[Brief descriptive captions]
=== Begin Enclosure ===
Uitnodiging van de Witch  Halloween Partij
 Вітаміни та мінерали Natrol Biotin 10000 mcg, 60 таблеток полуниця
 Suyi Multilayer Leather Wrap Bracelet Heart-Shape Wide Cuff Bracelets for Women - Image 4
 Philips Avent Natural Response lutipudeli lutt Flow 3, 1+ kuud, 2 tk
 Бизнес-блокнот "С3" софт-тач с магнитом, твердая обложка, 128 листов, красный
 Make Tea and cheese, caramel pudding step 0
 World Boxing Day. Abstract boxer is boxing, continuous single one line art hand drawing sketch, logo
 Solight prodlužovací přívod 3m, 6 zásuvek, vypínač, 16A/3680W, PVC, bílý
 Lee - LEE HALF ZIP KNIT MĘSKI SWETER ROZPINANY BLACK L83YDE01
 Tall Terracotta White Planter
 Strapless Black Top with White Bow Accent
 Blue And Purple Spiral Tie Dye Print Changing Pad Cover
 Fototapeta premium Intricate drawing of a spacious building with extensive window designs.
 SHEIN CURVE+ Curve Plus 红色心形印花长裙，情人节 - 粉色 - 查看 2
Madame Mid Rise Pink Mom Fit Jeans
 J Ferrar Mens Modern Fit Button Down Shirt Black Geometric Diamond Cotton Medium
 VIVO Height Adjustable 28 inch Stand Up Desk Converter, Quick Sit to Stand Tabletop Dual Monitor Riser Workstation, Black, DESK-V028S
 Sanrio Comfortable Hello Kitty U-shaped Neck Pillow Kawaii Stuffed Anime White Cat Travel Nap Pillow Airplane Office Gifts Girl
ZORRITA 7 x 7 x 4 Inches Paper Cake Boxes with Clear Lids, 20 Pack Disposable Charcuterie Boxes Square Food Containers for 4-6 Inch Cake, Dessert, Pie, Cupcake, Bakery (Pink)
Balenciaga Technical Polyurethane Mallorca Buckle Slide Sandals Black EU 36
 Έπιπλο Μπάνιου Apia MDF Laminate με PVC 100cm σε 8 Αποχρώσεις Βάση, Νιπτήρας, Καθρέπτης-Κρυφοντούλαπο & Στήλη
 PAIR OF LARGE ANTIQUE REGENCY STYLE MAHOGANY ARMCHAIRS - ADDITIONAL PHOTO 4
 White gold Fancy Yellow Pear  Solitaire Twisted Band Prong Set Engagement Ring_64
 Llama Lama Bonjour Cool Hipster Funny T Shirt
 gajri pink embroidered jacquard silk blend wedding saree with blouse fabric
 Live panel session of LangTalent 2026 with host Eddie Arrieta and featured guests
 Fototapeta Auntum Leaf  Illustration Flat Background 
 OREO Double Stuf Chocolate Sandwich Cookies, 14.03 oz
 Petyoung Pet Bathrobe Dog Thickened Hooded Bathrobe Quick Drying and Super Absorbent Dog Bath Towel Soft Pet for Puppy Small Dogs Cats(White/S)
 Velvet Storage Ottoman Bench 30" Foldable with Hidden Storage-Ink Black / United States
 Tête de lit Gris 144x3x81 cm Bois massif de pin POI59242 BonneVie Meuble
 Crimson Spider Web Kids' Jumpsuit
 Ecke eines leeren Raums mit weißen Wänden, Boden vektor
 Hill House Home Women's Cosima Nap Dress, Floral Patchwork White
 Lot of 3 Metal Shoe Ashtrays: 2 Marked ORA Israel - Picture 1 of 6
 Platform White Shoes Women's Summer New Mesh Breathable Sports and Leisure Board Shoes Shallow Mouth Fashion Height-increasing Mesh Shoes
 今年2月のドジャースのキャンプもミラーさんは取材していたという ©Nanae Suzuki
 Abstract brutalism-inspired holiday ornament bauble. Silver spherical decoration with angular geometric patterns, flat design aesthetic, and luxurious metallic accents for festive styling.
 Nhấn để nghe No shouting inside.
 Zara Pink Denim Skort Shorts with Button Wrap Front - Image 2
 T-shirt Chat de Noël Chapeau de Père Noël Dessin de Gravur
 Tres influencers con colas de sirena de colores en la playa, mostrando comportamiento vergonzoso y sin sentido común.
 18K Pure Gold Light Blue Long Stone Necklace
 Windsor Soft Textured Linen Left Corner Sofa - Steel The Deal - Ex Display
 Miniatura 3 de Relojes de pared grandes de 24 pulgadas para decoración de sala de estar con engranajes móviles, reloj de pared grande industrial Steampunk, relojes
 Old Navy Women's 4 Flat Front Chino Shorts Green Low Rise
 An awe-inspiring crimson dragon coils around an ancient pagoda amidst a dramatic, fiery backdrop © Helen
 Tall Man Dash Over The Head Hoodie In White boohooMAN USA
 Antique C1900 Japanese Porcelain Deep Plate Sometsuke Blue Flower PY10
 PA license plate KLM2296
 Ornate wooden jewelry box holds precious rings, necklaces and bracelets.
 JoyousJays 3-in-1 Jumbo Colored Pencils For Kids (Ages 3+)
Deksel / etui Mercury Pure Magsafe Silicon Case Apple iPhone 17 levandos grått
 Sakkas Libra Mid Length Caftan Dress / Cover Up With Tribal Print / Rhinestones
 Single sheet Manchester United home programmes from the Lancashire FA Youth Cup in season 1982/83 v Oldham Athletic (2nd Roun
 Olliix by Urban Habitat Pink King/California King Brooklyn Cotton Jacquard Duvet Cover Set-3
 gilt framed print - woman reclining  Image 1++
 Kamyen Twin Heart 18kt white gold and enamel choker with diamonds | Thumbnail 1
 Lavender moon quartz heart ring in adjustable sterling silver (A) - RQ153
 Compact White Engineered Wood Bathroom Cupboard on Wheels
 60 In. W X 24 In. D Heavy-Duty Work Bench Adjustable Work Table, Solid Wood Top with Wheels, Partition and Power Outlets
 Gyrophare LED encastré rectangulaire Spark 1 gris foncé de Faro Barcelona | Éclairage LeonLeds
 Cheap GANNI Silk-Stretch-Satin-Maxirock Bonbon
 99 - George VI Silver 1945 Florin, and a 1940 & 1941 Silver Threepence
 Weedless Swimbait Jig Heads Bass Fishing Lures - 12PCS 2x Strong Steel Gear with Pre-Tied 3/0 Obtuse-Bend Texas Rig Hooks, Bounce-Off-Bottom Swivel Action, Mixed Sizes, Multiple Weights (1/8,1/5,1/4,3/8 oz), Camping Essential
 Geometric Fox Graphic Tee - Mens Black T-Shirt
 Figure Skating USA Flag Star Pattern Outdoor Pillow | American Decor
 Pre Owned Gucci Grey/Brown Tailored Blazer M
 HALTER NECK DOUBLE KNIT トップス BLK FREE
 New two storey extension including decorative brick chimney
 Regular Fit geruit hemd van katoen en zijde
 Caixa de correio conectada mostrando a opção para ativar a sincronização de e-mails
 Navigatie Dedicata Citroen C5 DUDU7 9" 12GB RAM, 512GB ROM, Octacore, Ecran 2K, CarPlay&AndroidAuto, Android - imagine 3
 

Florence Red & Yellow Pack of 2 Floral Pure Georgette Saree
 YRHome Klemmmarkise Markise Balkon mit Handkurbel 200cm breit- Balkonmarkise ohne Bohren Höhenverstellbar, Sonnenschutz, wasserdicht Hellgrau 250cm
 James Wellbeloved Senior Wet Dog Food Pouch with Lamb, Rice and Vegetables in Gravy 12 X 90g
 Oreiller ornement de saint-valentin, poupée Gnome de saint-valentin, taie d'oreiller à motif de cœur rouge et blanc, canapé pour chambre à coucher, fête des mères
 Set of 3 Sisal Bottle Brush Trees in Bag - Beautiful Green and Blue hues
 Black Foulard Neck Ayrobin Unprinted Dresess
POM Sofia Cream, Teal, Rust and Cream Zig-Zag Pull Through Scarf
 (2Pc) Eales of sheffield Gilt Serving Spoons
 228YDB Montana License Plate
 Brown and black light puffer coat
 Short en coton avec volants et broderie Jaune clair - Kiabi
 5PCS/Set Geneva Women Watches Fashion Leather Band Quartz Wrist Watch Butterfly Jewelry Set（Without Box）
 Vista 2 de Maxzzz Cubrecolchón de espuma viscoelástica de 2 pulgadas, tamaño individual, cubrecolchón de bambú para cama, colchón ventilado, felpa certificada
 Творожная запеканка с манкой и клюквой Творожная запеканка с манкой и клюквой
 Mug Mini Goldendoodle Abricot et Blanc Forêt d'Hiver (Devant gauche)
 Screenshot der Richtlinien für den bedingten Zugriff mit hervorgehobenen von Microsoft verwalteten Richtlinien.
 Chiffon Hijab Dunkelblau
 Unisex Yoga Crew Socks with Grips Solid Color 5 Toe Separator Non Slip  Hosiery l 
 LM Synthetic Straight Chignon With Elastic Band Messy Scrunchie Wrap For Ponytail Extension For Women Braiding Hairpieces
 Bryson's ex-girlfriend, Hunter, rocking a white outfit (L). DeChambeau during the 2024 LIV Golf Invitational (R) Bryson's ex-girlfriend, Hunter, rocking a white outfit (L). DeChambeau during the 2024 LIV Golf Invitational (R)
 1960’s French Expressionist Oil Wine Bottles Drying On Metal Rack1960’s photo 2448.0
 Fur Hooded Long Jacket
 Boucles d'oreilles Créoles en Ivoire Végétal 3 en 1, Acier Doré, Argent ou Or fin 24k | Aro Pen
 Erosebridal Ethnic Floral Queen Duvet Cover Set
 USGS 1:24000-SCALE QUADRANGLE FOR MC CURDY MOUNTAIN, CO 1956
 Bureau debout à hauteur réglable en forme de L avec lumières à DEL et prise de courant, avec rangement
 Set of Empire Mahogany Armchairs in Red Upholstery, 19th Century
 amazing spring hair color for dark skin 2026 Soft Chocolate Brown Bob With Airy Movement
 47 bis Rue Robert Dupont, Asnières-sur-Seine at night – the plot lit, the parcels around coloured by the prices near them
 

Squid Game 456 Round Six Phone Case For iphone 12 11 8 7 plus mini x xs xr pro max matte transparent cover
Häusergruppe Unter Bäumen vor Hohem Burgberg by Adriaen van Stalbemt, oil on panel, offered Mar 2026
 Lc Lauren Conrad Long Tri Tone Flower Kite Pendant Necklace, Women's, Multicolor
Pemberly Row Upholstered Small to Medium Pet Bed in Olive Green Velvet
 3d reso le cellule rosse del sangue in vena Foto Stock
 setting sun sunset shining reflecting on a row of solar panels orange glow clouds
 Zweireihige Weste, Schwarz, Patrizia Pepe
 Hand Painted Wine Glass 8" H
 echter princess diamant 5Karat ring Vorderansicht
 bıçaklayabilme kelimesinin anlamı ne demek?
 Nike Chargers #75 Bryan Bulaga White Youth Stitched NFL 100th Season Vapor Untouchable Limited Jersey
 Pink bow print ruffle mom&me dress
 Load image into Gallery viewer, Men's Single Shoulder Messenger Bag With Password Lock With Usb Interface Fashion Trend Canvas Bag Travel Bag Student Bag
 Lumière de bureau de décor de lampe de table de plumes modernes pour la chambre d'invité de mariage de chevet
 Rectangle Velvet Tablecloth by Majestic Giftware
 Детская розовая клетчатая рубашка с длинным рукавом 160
=== End Enclosure ===
Exercise details ->
What are the lines above, starting at the one with "POM Sofia Cream, Teal, Rust" and ending at the one with "Unisex Yoga Crew"? Give them again exactly, and only them.

Answer box ->
POM Sofia Cream, Teal, Rust and Cream Zig-Zag Pull Through Scarf
 (2Pc) Eales of sheffield Gilt Serving Spoons
 228YDB Montana License Plate
 Brown and black light puffer coat
 Short en coton avec volants et broderie Jaune clair - Kiabi
 5PCS/Set Geneva Women Watches Fashion Leather Band Quartz Wrist Watch Butterfly Jewelry Set（Without Box）
 Vista 2 de Maxzzz Cubrecolchón de espuma viscoelástica de 2 pulgadas, tamaño individual, cubrecolchón de bambú para cama, colchón ventilado, felpa certificada
 Творожная запеканка с манкой и клюквой Творожная запеканка с манкой и клюквой
 Mug Mini Goldendoodle Abricot et Blanc Forêt d'Hiver (Devant gauche)
 Screenshot der Richtlinien für den bedingten Zugriff mit hervorgehobenen von Microsoft verwalteten Richtlinien.
 Chiffon Hijab Dunkelblau
 Unisex Yoga Crew Socks with Grips Solid Color 5 Toe Separator Non Slip  Hosiery l 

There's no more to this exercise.